“Fashion is apt to insist one year that you are nobody if you wear flat heels, and then turn right around and throw thousands of them in your face,” wrote cultural commentator Elizabeth Hawes in Fashion Is Spinach (1938). Despite having been written more than seven decades ago, Hawes’s ethnographic account of the fashion industry echoes just as relevant for today’s volatile pendulum. If sneakers were once restricted to sports performance, they now breed a culture of its own beyond the gym borders. Luxury behemoths and consumers alike are quick to eschew high heels for an emphasis on the chunky comfort that’s in vogue.

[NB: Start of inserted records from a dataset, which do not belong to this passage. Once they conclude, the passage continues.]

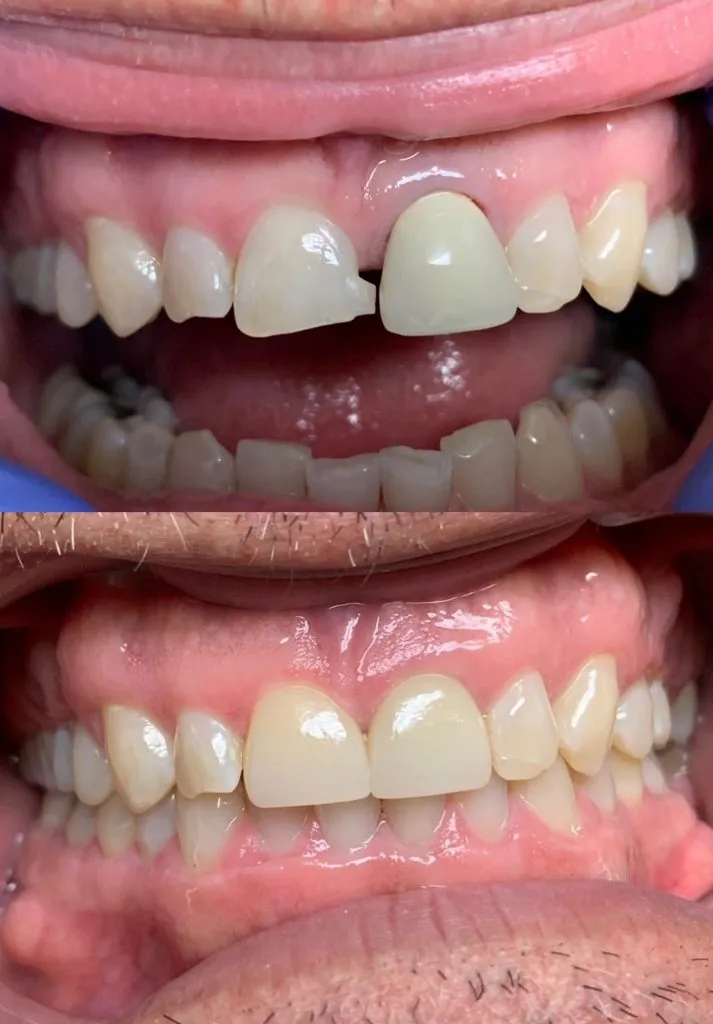 Real denture of a patient
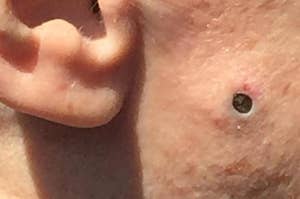 Pimple Popping
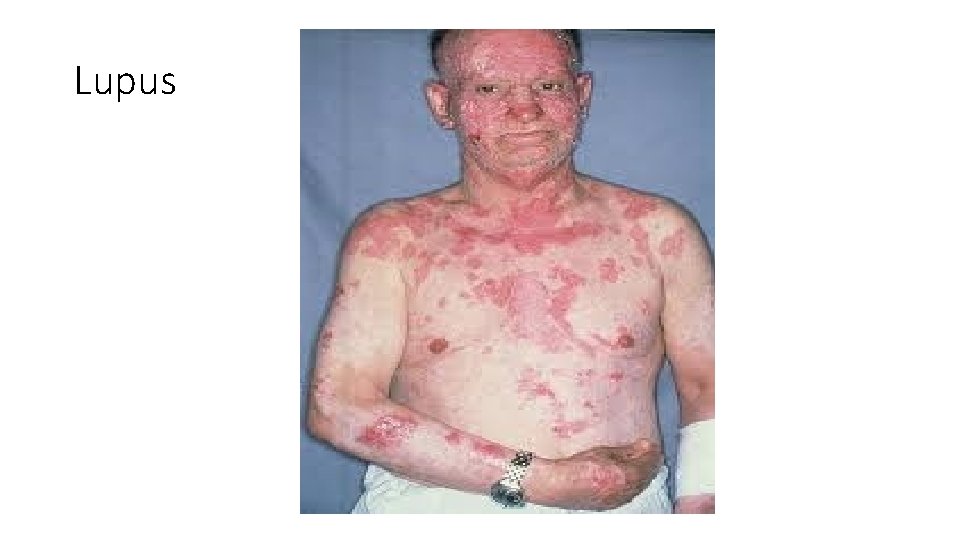 Lupus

This exact sheep-like mindset is what Roy Luwolt, founder and artistic director of shoe label Malone Souliers and CEO of French fashion house Emanuel Ungaro, is up in arms against. When he founded Malone Souliers in 2014 with his then-business partner Mary Alice Malone (who recently left the brand in July), the duo wanted to provide a footwear equivalent to Savile Row’s tailored attention to detail. It introduced a niche unheard of to the female consumer: shoes with an option for bespoke that comes with a lifetime warranty.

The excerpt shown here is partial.